Despite the hype and increased investments, it seems that enterprises are still struggling to make the most of social media according to a global trend report published on Tuesday by IT services firm Tata Consultancy Services.
Entitled Mastering Digital Feedback: How the best consumer companies use social media, the research shows that while social media is being taken seriously by most enterprises - more than two thirds have at least one FTE committed to social media, and the average company will spend USD 19 million on it and employ 56 people - significant benefits are not being achieved most commonly due to information not reaching the right functions.
Satya Ramaswamy, Vice President and Global Head of TCS Digital Enterprise at TCS said: "Despite ready availability of digitized consumer-to-consumer interactions in social media, its use by companies is today largely limited to being a mechanism for B2C marketing.
"It is time enterprises took a multi-layered approach to social media and learnt to harness its power across the enterprise in critical revenue drivers such as new product design by incorporating feedback from social media in these important business functions.
"Breaking down the organizational silos is key to realizing the full power of social media. In other words, organizations need to be social and share internally to really use the power of social media externally," he said.
Among other significant findings from the research was that only 27 percent of R and D/product development and 37 percent of product management departments regularly view social media comments from consumers.
This is partly because social media activity is most commonly owned by marketing, customer services and sales.
The result of siloed ownership is that only 42 percent of enterprises view their organizational structure for social media activities as effective or highly effective.
Leaders spend an average of USD 28 million on social media activity; twice as much as laggards, the study showed.
Leaders also go beyond just having company pages on social networks; 81pc have corporate blogs, 77 percent have mobile apps for consumers who use social media, and 61pc have online video channels.
Despite only a small percentage of enterprises seeing significant business benefits, businesses are often getting a positive ROI for social media activity, 38 percent; that is more than double the number of companies with a negative ROI. However, 44 percent of enterprises have not measured ROI at all.
The media and entertainment industry has the highest percentage of companies that have been using social media the longest to engage with consumers; most insurance companies are relatively new to social media.

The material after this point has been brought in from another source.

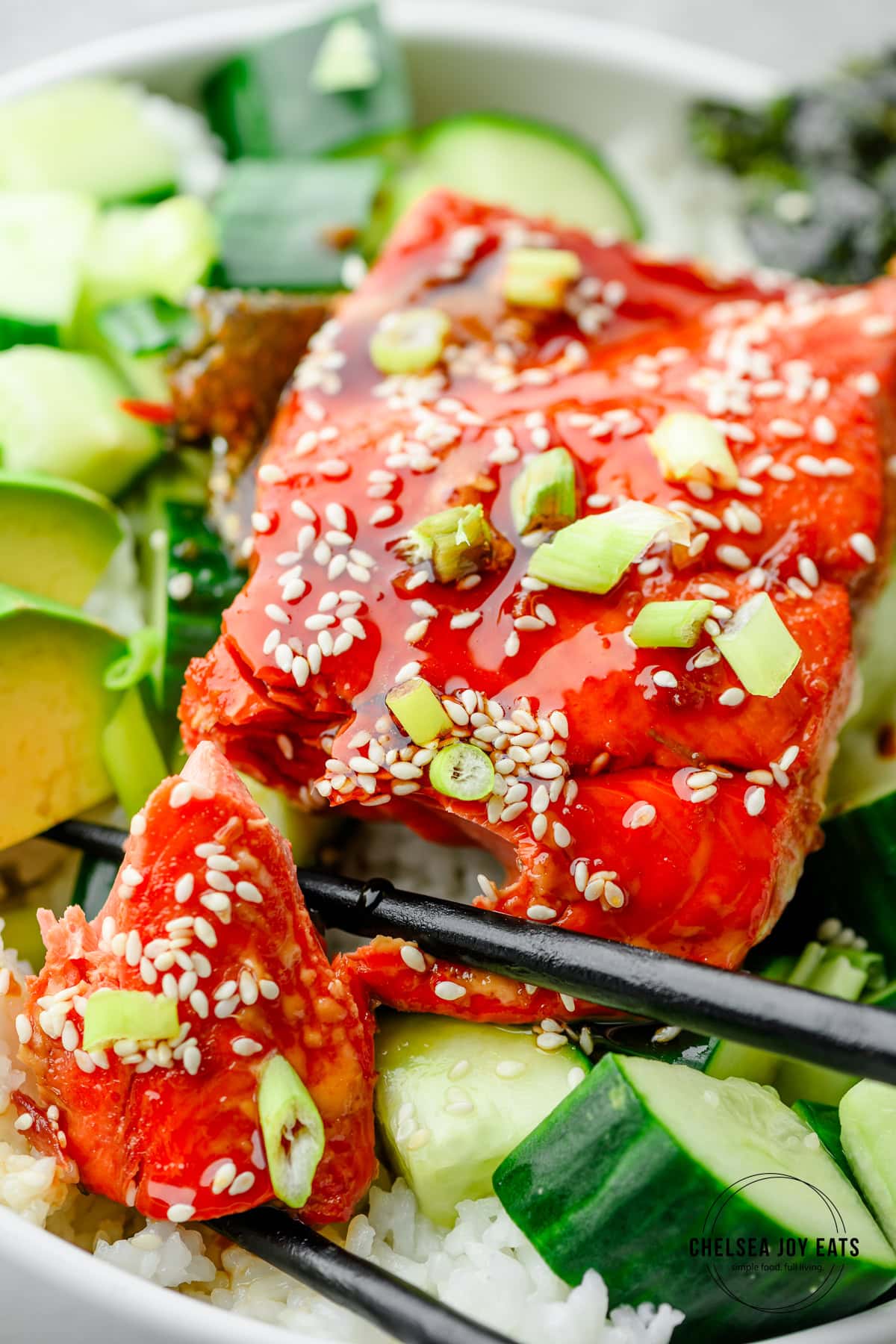 Closeup of a teriyaki salmon fillet over rice with a cucumber salad and sliced avocado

Maturity correlates with how effective enterprises are at breaking down siloes, a key factor in successful social media activity, the research showed.
Media and entertainment enterprises are least likely to centralize activity; whereas new comers to social media like travel, high-tech and telecoms enterprises are most likely to decentralize their social media activity.
The TCS Global Trend Report on social media surveyed 655 enterprises globally with average revenues of USD 15.6 billion and is the fourth TCS global trend report in the series.